I'm very skeptical that multiple dies on the same process is cheaper *if* there's a lot of redundancy in the monolothic die. What percentage of an AD102 die can be defective and still result in a viable SKU? It looks to me like less than 15% absolutely has to work (probably less than 10% even, e.g. PCI-Express, video decode/encode, central control logic for processing & distributing commands, various multiplexers/buses, etc...) - that means there's potentially less non-redundant logic than on many smartphone chips where practically everything has to work! Now let's say you moved all that to a smaller die that you can test separately, but you've decreased your packaging yields and increased packaging costs while adding a few % of area for the cross-die PHYs/TSVs... you really haven't gained that much I think, and it's a bit academic whether it's 1% better or 1% worse...

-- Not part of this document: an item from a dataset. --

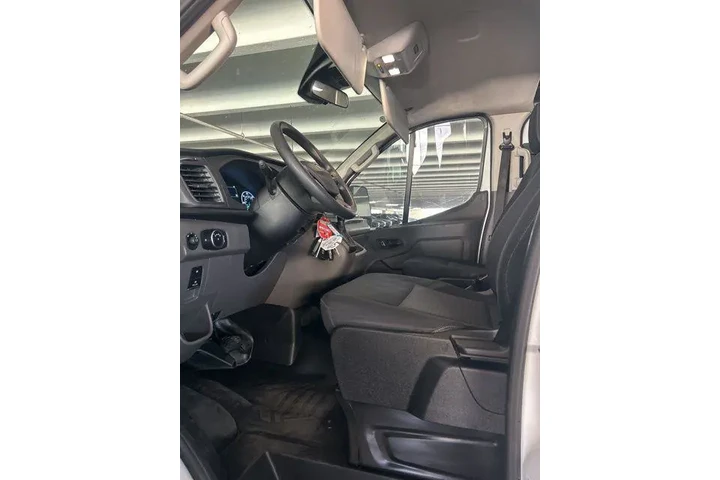 $29995 : Ford Transit 2024 250 3dr SW image 6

But here's a dirty little secret: a *LOT* of GPU dies are probably much more functional than the SKUs they end up in. This depends on the process generation and maturity, as sometimes the process really has fairly low yields and you might struggle to build enough of the top bins... but the rest of the time, a lot of the distinction is artificial (at least in terms of the chips, you still reduce costs with lower TDPs resulting in simpler board designs etc...) - and you might not be able to reliably predict TSMC's yields 12-18 months in advance of mass production so you can't really optimise around it in the design phase too much either.
RNDA3's approach is really elegant there: they can remove a MCD completely for lower-end SKUs, which will save them a lot more money than disabling a fully functional memory controller. The PHY on the GCD isn't free but it's an lot smaller than the area/cost of a MCD. This is also similar (but in the other direction) to how AMD has a single I/O die for multiple SKUs with different numbers of CPU chiplets. There are also verification & tape-out costs benefits if you reuse the same chiplet for different products or even generations, e.g. for AMD's CPUs it's less verification effort to tape-out one I/O die and one CPU chiplet than it would be to tape-out two monolithic CPU+IO dies.

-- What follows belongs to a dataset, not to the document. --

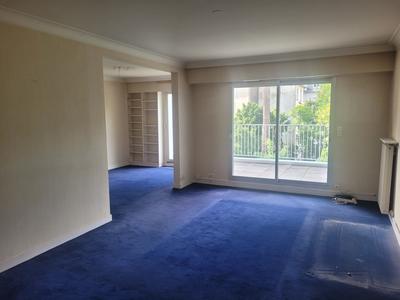 Appartement - 95 m² - 3 pièces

But the biggest benefit of chiplets for GPUs/CPUs is the ability to use different processes for different chips. That includes N5 for GCD and N6 for MCD on RDNA3. I'm convinced AMD is right that that RNDA3 chiplets are significantly more cost effective than a hypothetical monolithic Navi31 given the different processes and the ability to reduce the number of MCDs (which is orthogonal to whether RDNA3 is more or less cost effective than Ada).
My new favourite example of this is Intel's Clearwater Forest which they detailed a bit more yesterday at their foundry event:
https://spectrum.ieee.org/intel-18a
In Clearwater Forest, billions of transistors are divided among three different types of silicon ICs, called dies or chiplets, interconnected and packaged together. The heart of the system is as many as 12 processor-core chiplets built using the Intel 18A process. These chiplets are 3D-stacked atop three “base dies” built using Intel 3, the process that makes compute cores for the Sierra Forest CPU, due out this year. Housed on the base die will be the CPU’s main cache memory, voltage regulators, and internal network. “The stacking improves the latency between compute and memory by shortening the hops, while at the same time enabling a larger cache,” says senior principal engineer Pushkar Ranade.
Finally, the CPU’s I/O system will be on two dies built using Intel 7, which in 2025 will be trailing the company’s most advanced process by a full four generations. In fact, the chiplets are basically the same as those going into the Sierra Forest and Granite Rapids CPUs, lessening the development expense.
So it's Intel 18A for the CPU cores (and presumably L1+L2 cache), Intel 3 for the base die that includes the L3 cache (no scaling/power benefit to doing the L3 on 18A since SRAM has effectively stopped scaling, but you still want L1 and probably L2 on the same die to minimise latency), and Intel 7 for the I/O dies (since I/O has been scaling even worse than SRAM for longer), for a total of 12xCPUs + 3xBase + 2xIO = 17 chiplets. Assuming their packaging yields are good, I expect this to be a lot cheaper than a single 18A monolithic die.
Similarly, I don't think NVIDIA has much reason to go for "multiple GCD-like chiplets" ala MI300X short-term (especially given how profitable their ex-Mellanox datacenter networking business is), but they'd be missing a trick if they don't go for heterogeneous chiplets given how bad SRAM/IO scaling is on TSMC N3E. At their current scale, they have to consider the risk of supply constraints for advanced packaging though, so they might decide to be more conservative for that reason.